Ce changement coïncide avec les défis persistants de l’inflation au Canada et un marché immobilier qui demeure inaccessible pour beaucoup. Le ménage canadien moyen consacre maintenant environ 43% de son revenu disponible aux dépenses liées au logement—un chiffre qui n’a cessé d’augmenter depuis 2021, selon Statistique Canada.
“Les Canadiens n’abandonnent pas leurs valeurs environnementales,” souligne Michael Chen, économiste principal à la Banque Royale du Canada. “Ils redéfinissent simplement leurs priorités en fonction des pressions financières immédiates. Quand les gens ont du mal à se payer l’épicerie ou le logement, les préoccupations à plus long terme passent inévitablement au second plan.”
Ces données placent le gouvernement du premier ministre Justin Trudeau dans une position précaire. Ayant misé un capital politique important sur des initiatives climatiques, y compris le controversé programme de taxe carbone, l’administration fait maintenant face à un électorat de plus en plus concentré sur le soulagement économique plutôt que sur l’action environnementale.
Le chef du Parti conservateur, Pierre Poilievre, a rapidement capitalisé sur ce changement, en mettant l’accent sur les questions d’accessibilité financière dans ses récents messages politiques. “Les Canadiens s’expriment clairement—ils veulent un gouvernement qui priorise leur bien-être financier,” a déclaré Poilievre lors d’une récente conférence de presse à Calgary.
Les gouvernements provinciaux à travers le Canada ont également réagi à ce nouveau paysage.
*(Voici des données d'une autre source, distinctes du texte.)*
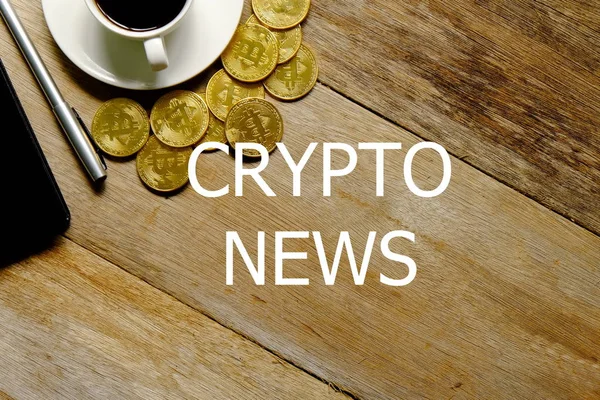 Bir fincan kahve, altın bitcoin yineleme, Not defteri ve kalem üstten görünüm kripto haber ile yazılı ahşap arka plan üzerinde.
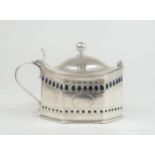 A GEORGE III PROVINCIAL SILVER MUSTARD POT  by Christian Keir Reid, Newcastle c.1810, of octagonal f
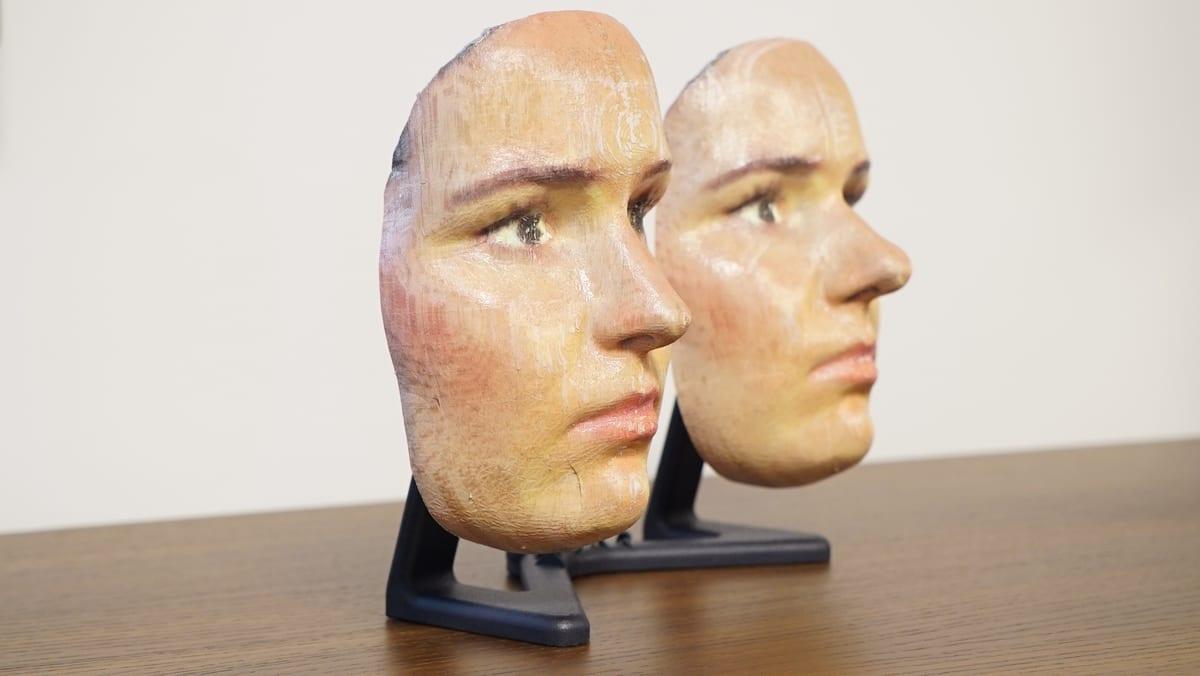 Two painted 3D printed face masks mounted on small stands on a desk, with print layer texture still visible through the paint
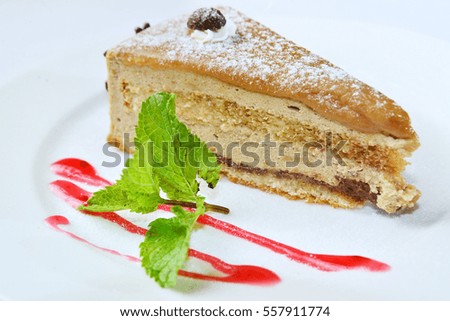 Peace of cake with strawberry topping and mint
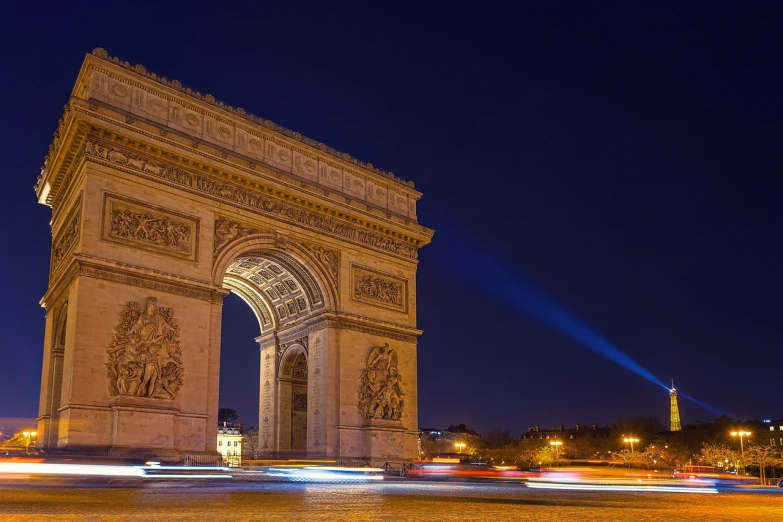 the arc de trio triumph is lit up at night, pexels contest winner, photo of a beautiful, wikimedia commons, archways, straw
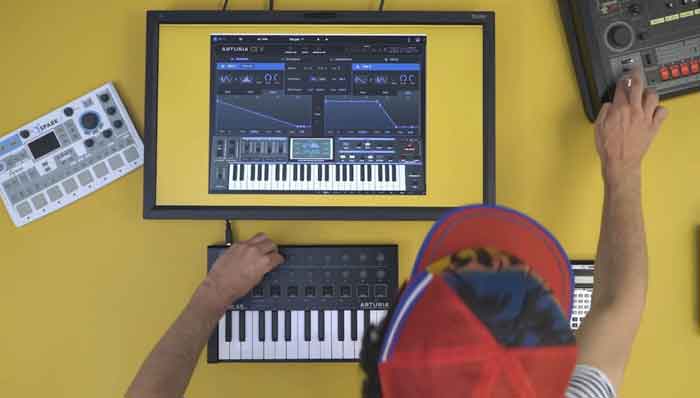 Phần mềm Synth Arturia CZ V hình đang miêu tả có người đang đặt laptop và cái thiết bị chơi nhạc gòm midi với kết nối với phầm mềm và đặt trên bàn để chơi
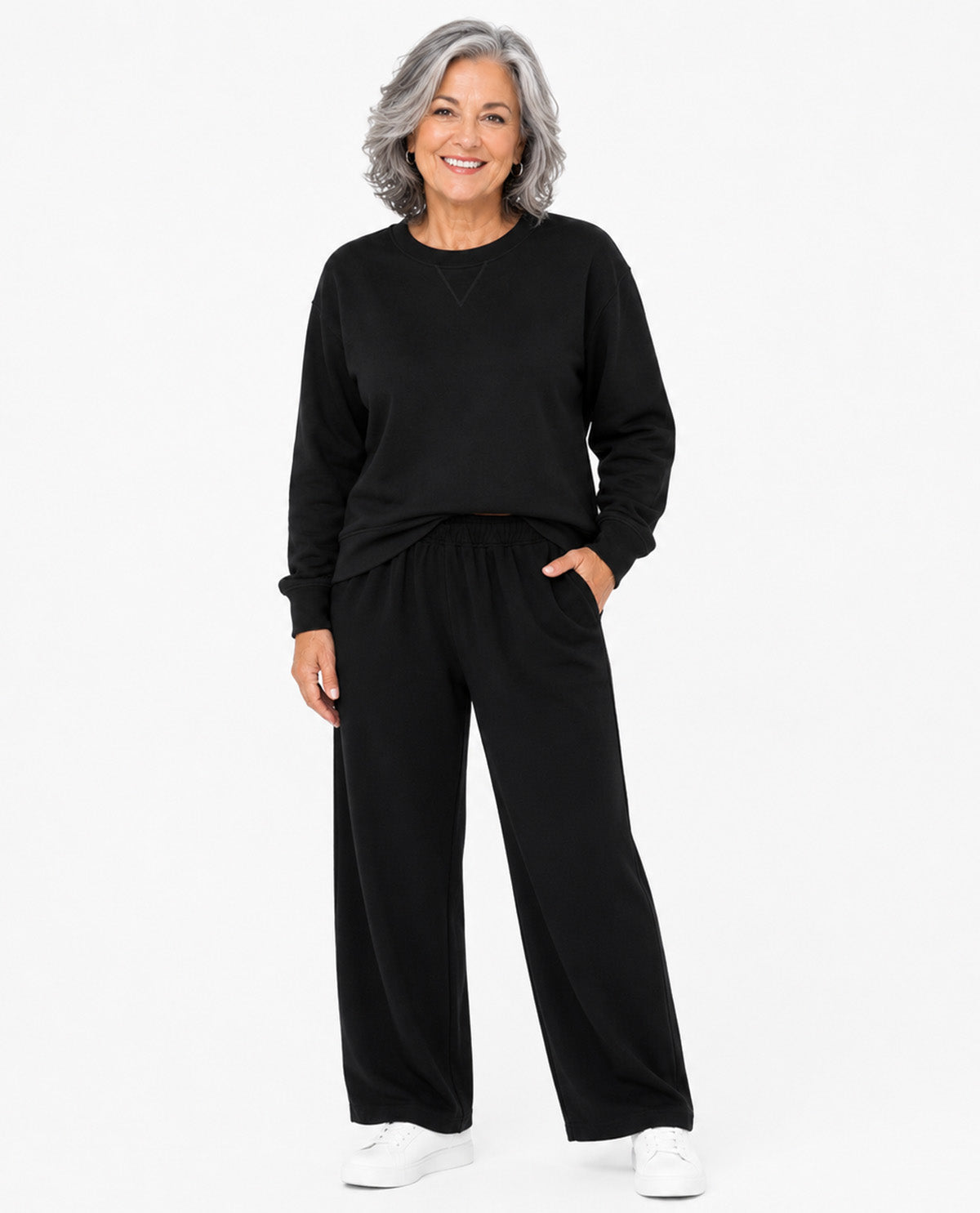 A smiling woman with gray hair stands against a plain white studio background wearing a black long-sleeve top and matching black wide-leg pants, with white sneakers.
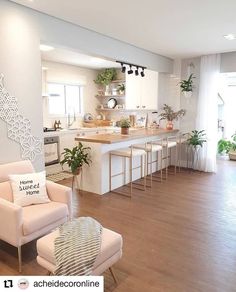 a living room filled with furniture next to a kitchen and dining room table covered in potted plants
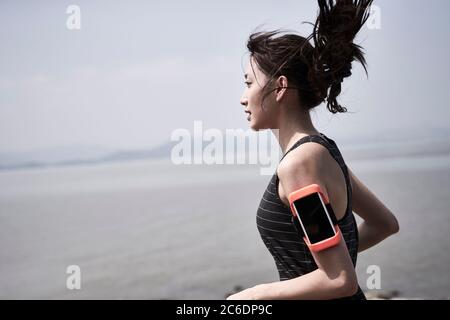 young asian adult woman running jogging outdoors by the sea, side view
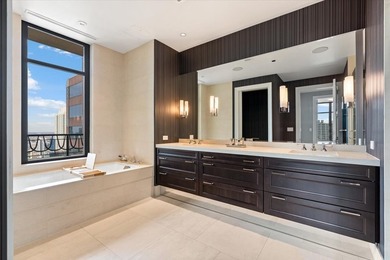 Set within the prestigious Ritz-Carlton Residences Chicago along - photo 24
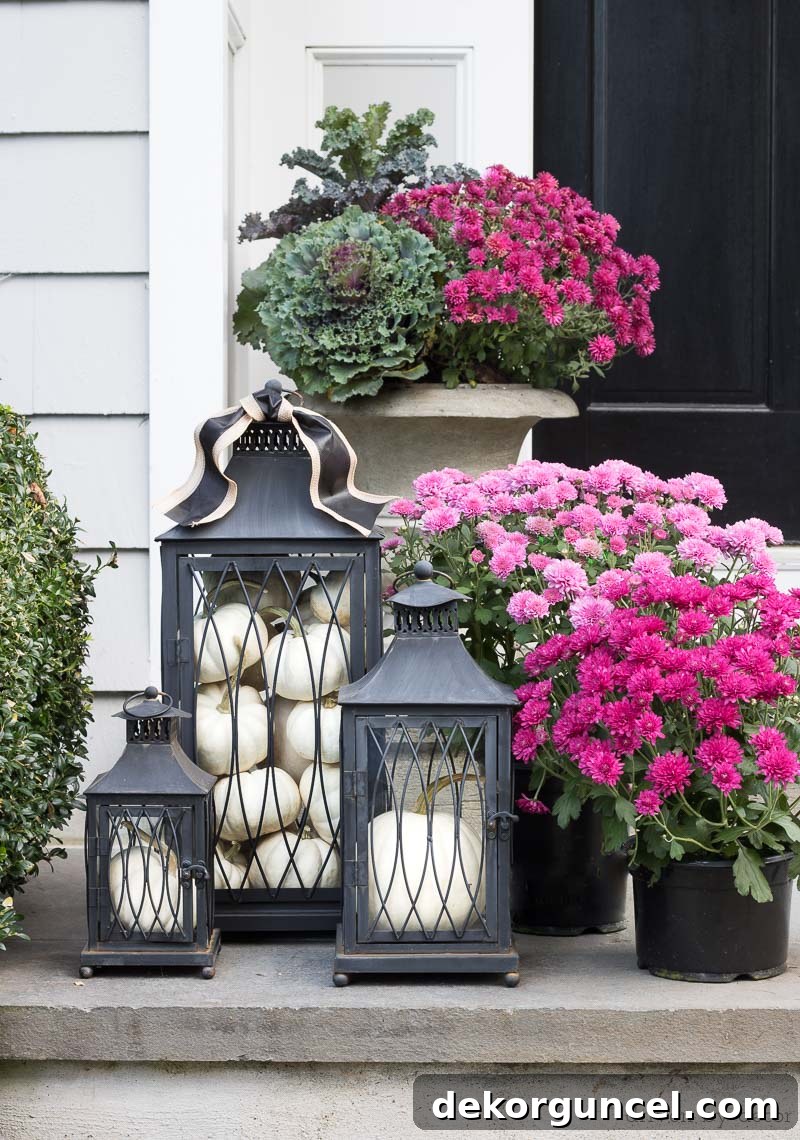Love this trio of black lanterns filled with pumpkins (and the mums too!) for a fall front porch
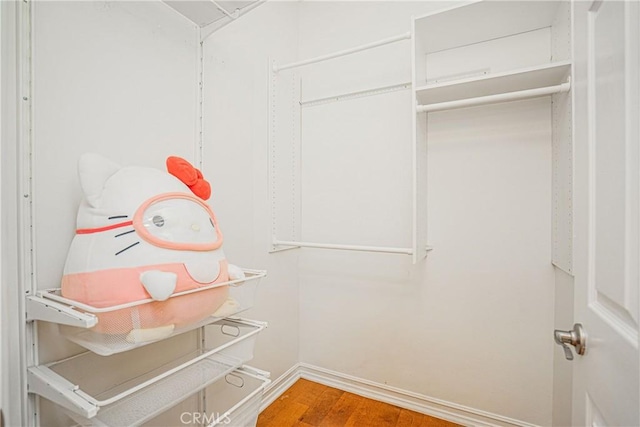 spacious closet with wood finished floors
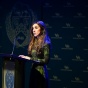 Nadia Murad standing at a podium looking out into audience giving speech with UB background. 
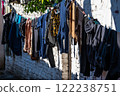 Drying laundry on a wire outside in the narrow streets of Tirana, Albania 122238751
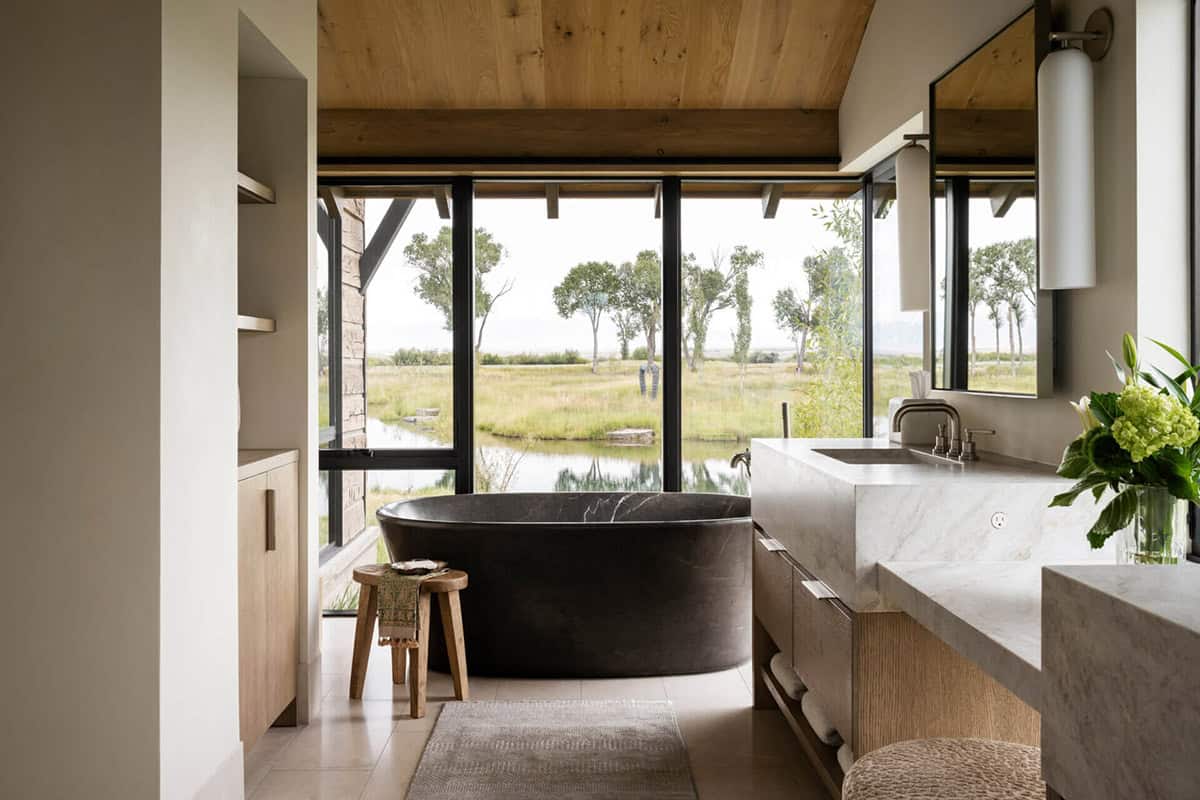 Freestanding black stone soaking tub facing panoramic windows with pond and grassland views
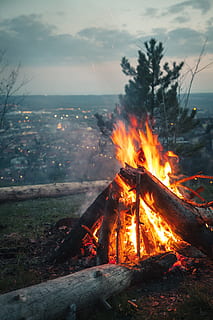 Photo of Bonfire Placed on High Ground in Front of City Under Cloudy Sky HD wallpaper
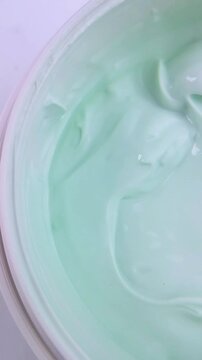 Top view of bright green whitening cream inside a white container. Beauty product presentation, smooth thick texture for skincare treatment.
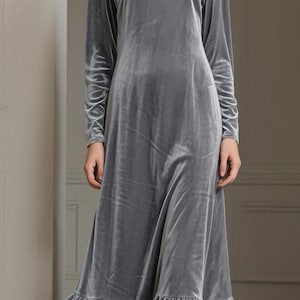 May include: A long, flowing, gray velvet dress with long sleeves and a round neckline. The dress features a ruffled hemline and is floor-length. The fabric has a soft sheen, and the dress appears to be well-tailored.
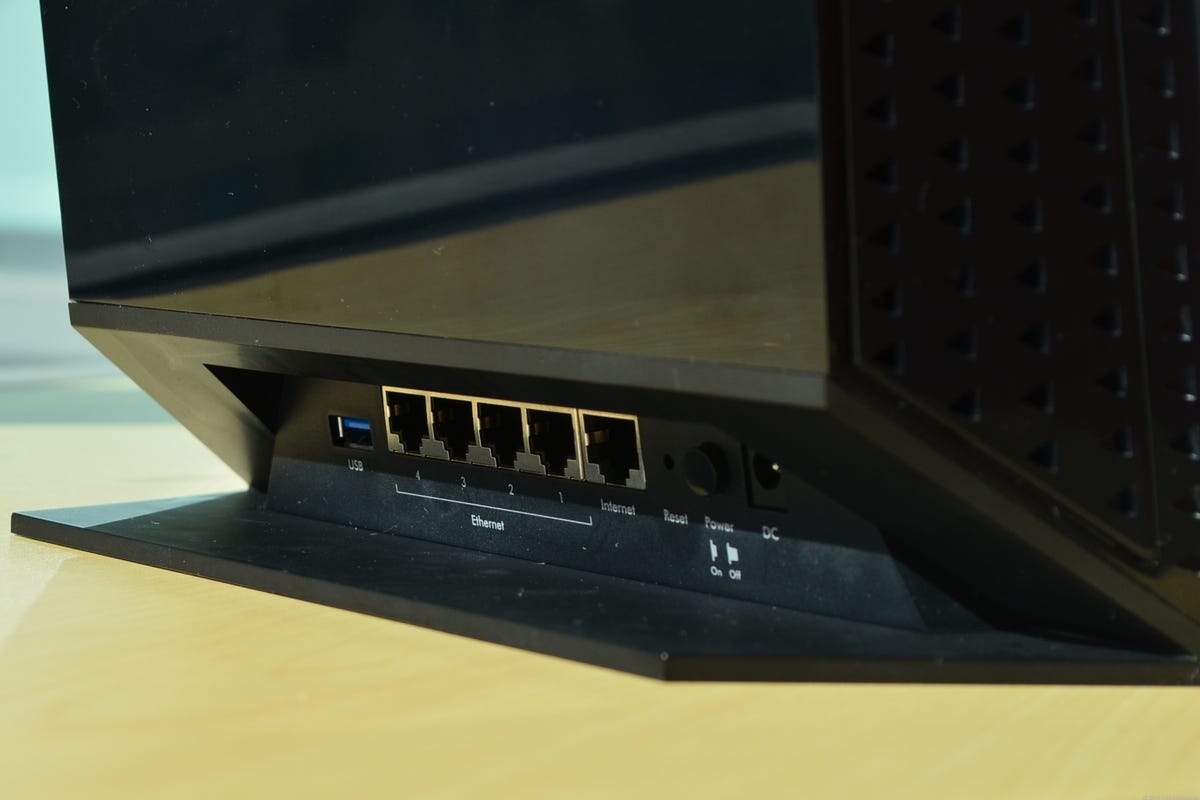 The base and the bulky part of the drive bay make it hard to reach the router's ports on the back.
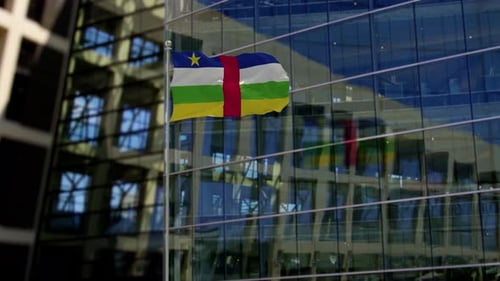 Central African Republic Flag Waving in Front of Modern Corporate Building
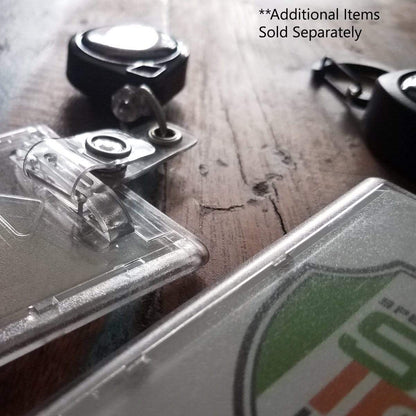 Close-up of Premium Top Load Slim Rigid Plastic ID Badge Holder with Easy Access Thumb Slide Removal (706-N) and retractable badge reels on a wooden surface. Text reads: "**Additional Items Sold Separately." Ideal for credit card sized ID badges.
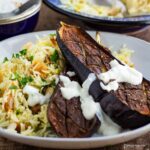 roasted aubergine and saffron rice topped with yogurt sauce.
Le budget provincial de la Colombie-Britannique, publié le mois dernier, a alloué considérablement plus de ressources aux programmes d’accessibilité au logement tout en réduisant certaines initiatives climatiques. L’Alberta et la Saskatchewan continuent de plaider pour l’expansion du secteur énergétique, citant les avantages économiques et la création d’emplois.
Les défenseurs du climat expriment leur inquiétude face à cette redéfinition des priorités qui pourrait faire dérailler les engagements environnementaux du Canada. “Une vision économique à court terme pourrait compromettre notre durabilité environnementale à long terme,” avertit Emma Thompson du Réseau Action Climat Canada. “Le défi consiste à trouver des approches politiques qui répondent aux préoccupations économiques immédiates sans abandonner les objectifs climatiques essentiels.”
Ce changement semble particulièrement prononcé chez les jeunes Canadiens, traditionnellement le groupe démographique le plus préoccupé par le changement climatique. Parmi les répondants âgés de 18 à 34 ans, les préoccupations économiques dépassent maintenant les questions environnementales dans une proportion de près de trois contre un—un renversement par rapport aux enquêtes similaires menées en 2021.
Les experts financiers suggèrent que cette tendance pourrait se poursuivre alors que les taux d’intérêt restent élevés et que les pressions sur le logement persistent tout au long de 2024. “L’anxiété économique que nous mesurons n’est pas temporaire—elle reflète des défis structurels dans l’économie canadienne qui nécessitent une intervention politique substantielle,” explique Raj Singh, économiste en chef chez BMO Marchés des capitaux.
Alors que les gouvernements fédéral et provinciaux recalibrent leurs approches politiques en réponse à ce changement d’opinion, une question fondamentale émerge : le Canada peut-il développer une approche intégrée qui répond aux pressions économiques immédiates tout en maintenant l’élan sur l’action climatique, ou ces priorités seront-elles de plus en plus considérées comme des préoccupations concurrentes plutôt que complémentaires?